An example of how the BDPServer works and its predictive ability operates is shown in the exercise summarised in the Supplementary Figure S4. In this case, we set out to classify a collection of compounds that belong to well‐characterised microbial pathways for biodegradation of toluene—which were part of the training data. Such pathways, which include a total of 42 different compounds, were taken from the MetaRouter web server (Pazos et al, 2005) by querying the database for all reactions connecting toluene to the central bacterial metabolism. SMILES strings of each of the 42 chemicals were submitted to the BDPServer and the predictions compared to the actual classification of the compounds, according to the four binary schemes defined previously.

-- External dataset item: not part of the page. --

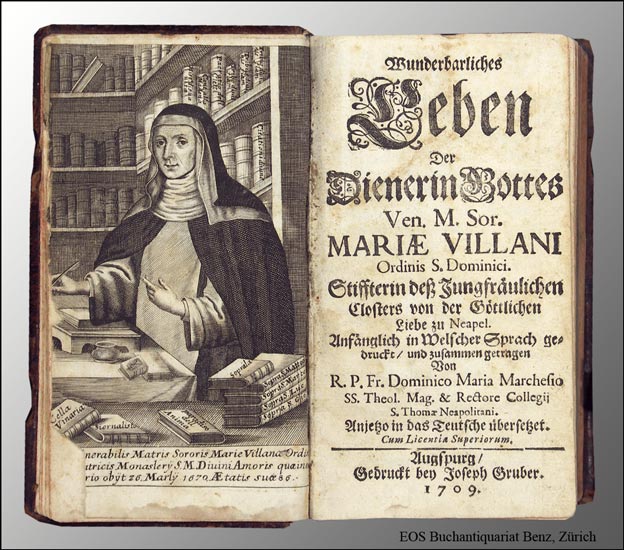 Wunderbarliches Leben der Dienerin Gottes Mariae Villani, - EOS BUCHANTIQUARIAT BENZ Marchese, Domenico M.: -Wunderbarliches Leben der Dienerin Gottes Mariae Villani,
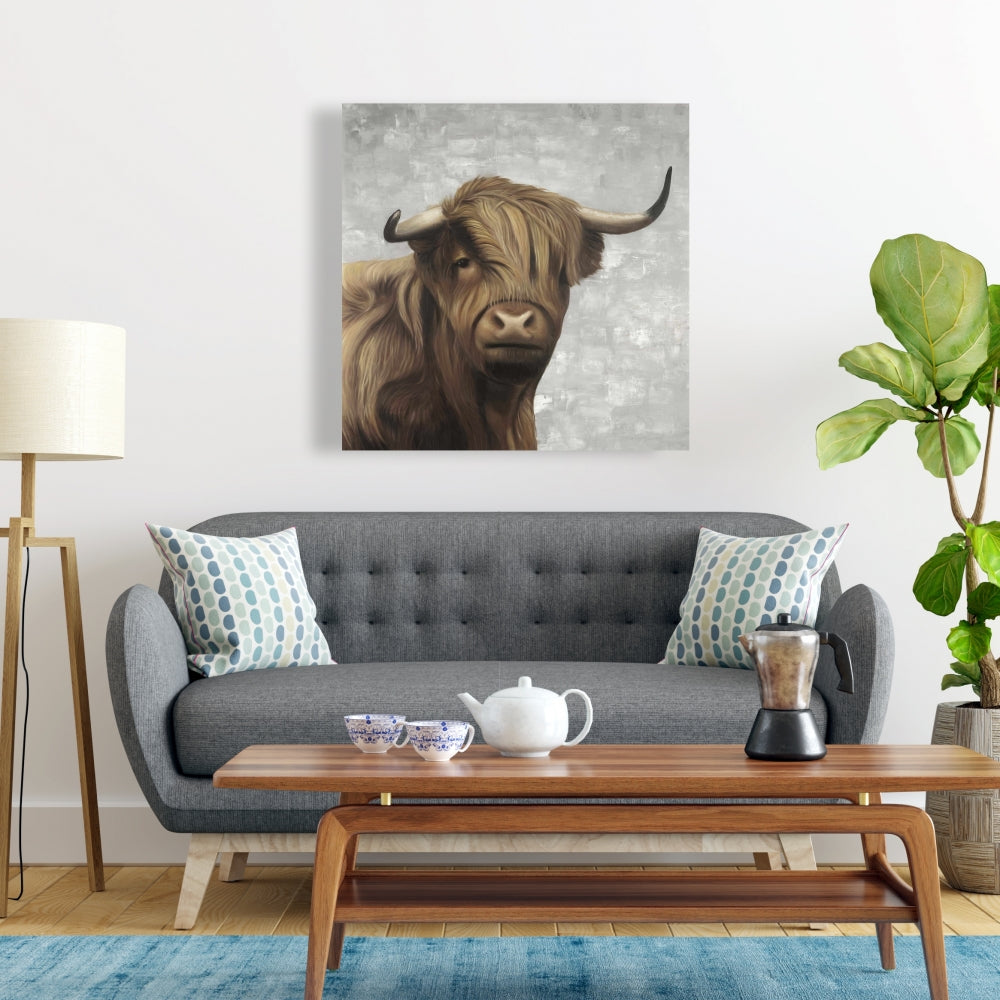 Desaturated Highland Cattle Canvas | Elegant Home Decor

The number of compounds that belong to each of the classes, and the absolute number of successful BDPServer predictions, within each of the classification schemes, are shown in Supplementary Figure S4. All compounds were correctly categorised for the classification schemes CM or No CM and CMCD or No CMCD. Suboptimal—but still significant—results were obtained for the classes CD or No CD, and NB or No NB in which 37 out of 42 and 40 out of 42 compounds, respectively, were classified correctly. Given the fact that the pathways for degradation of toluene were included in the training of the system, it is likely that these figures overestimate the capacity of the system. Yet, they represent the type of result and error margin that one would expect from the analysis of compounds that participate in full metabolic routes.
An additional exercise was designed to test the ability of the system for recognising compounds that are clearly linked to the central metabolism. To this end, the KEGG database was used to generate a collection of 733 molecules that fulfilled the following conditions: (i) they were components of Escherichia coli metabolic pathways; (ii) they were not part of metabolic pathways involving xenobiotic or recalcitrant compounds; (iii) they were composed of more than three atoms; and (iv) they had an associated description in MOL format that could be converted into SMILES format. The BDPServer was then used to generate biodegradability predictions for such compound set. As the result of this, the BDPServer predicted that 662 KEGG compounds (90.31%) could be assigned to the CMCD class (central metabolism plus carbon dioxide sinks), that is, the class that defines the group of bona fide biodegradable chemicals. This figure is consistent with the prediction that 597 (81.44%) out of the 733 KEGG compounds belong to the class of chemicals not connected to recalcitrant compounds (No NB class) and that 501 molecules (68.34%) could be directed to central metabolism (CM). As a control, random predictions were generated as above, that is, assigning compounds arbitrarily to one of the two fates for each classification scheme, proportionally to the population of each of the classes in the original training set. The accuracies for these random predictors are 76.8% for CMCD, 58.66 for No NB and 60.84 for CM. These differences in performance are statistically supported by the associated values of P(N): 1.52 × 10−11 (CMCD), 9.45 × 10−20 (No NB) and 3.3 × 10−3 (CD).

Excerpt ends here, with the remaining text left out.